Here are examples for fitting a simulated $n\times p$ data matrix and a covariance matrix with $(n,p) = (50,100)$ with $q=3$. The diagonal entries of $\bm{\Psi}$ were randomly simulated from $\mathcal{U}(0.2,0.8)$ and the elements of $\bm{\Lambda}$ and $\bm{\mu}$ were from $\mathcal{N}(0,1)$. We use BIC to select the optimal factors from the set of $\{1,2,3,\cdots,10\}$.
<<set-seed, include=FALSE>>==
set.seed(1)
@
<<est-sim-data,cache=TRUE>>==
n <- 50 # number of observations
p <- 100 # size of coordinates
q <- 3 # true number of factors
mu = rnorm(p) 
L = matrix(rnorm(p*q),p,q)
D = runif(p,0.2,0.8)
X = matrix(rnorm(n*q),n,q)
X = tcrossprod(X,L) + matrix(rnorm(n*p),n,p)%*%diag(sqrt(D)) + rep(mu, each = n)

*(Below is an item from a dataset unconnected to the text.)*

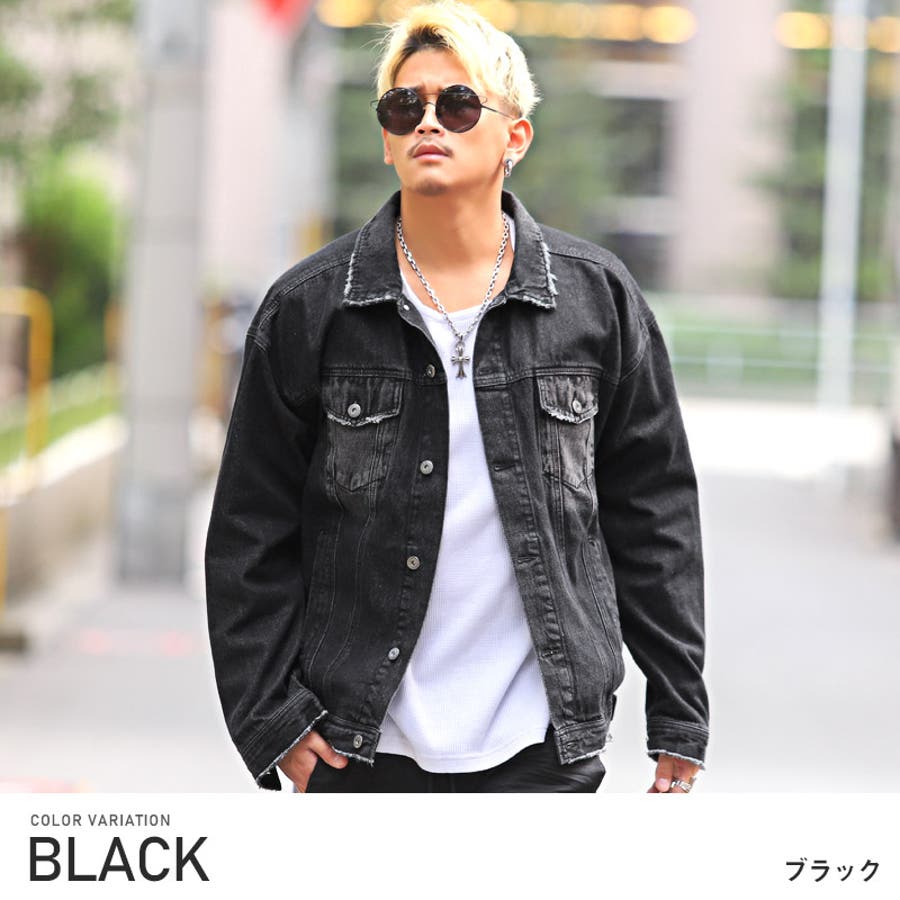 【楽ギフ_包装】 aa-0068_blk.jpg ジャケット・アウター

BICs = rep(0,11) # store BIC values
for(i in 1:11){
  out = fad(x = X,factors = i-1)
  BICs[i] = out$BIC
}
BICs
ind = which.min(BICs)-1# obtain the optimal factor favored by BIC
ind
@

<<est-sim-cov1,cache=TRUE>>==
BICs = rep(0,11) # store BIC values
for(i in 1:11){
  out = fad(covmat = cov(X), n.obs = n, factors = i-1)
  BICs[i] = out$BIC
}
BICs
ind = which.min(BICs)-1
ind
@

BIC selected the correct factor of 3 and we can then fit with the optimal factor model as
<<est-sim-cov2,cache=TRUE>>==
out1 = fad(x = X,factors = 3)
# or
out2 = fad(covmat = cov(X), n.obs = n, factors = 3)
@

\end{document}